-- Given information follows --
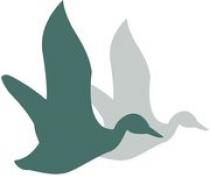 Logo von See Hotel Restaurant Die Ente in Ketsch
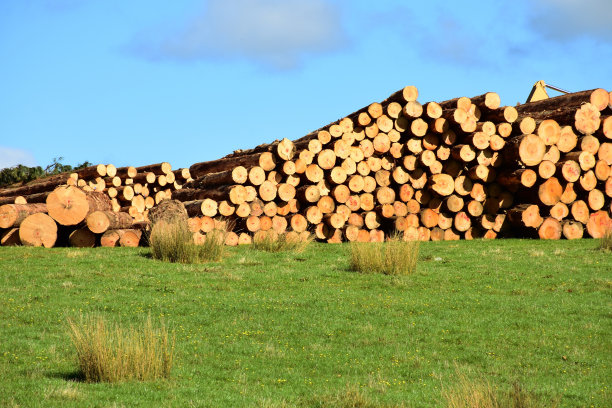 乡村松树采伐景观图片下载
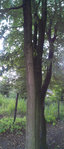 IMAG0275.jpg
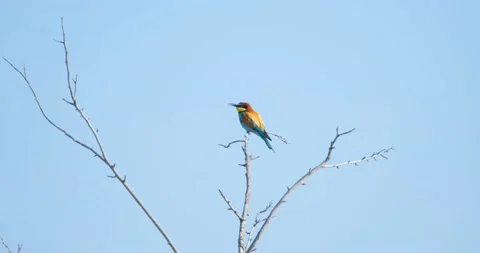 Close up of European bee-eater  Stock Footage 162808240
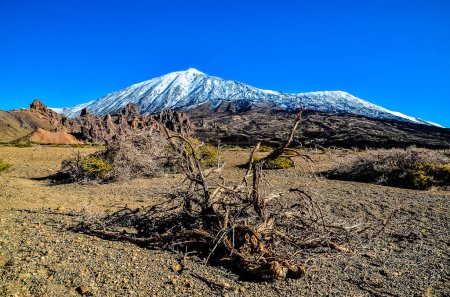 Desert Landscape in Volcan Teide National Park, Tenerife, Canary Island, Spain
-- Given information concluded --
[What the task asks]:
Output, exactly, all the records above; include no pictures.

[Answer space]:
 Logo von See Hotel Restaurant Die Ente in Ketsch
 乡村松树采伐景观图片下载
 IMAG0275.jpg
 Close up of European bee-eater  Stock Footage 162808240
 Desert Landscape in Volcan Teide National Park, Tenerife, Canary Island, Spain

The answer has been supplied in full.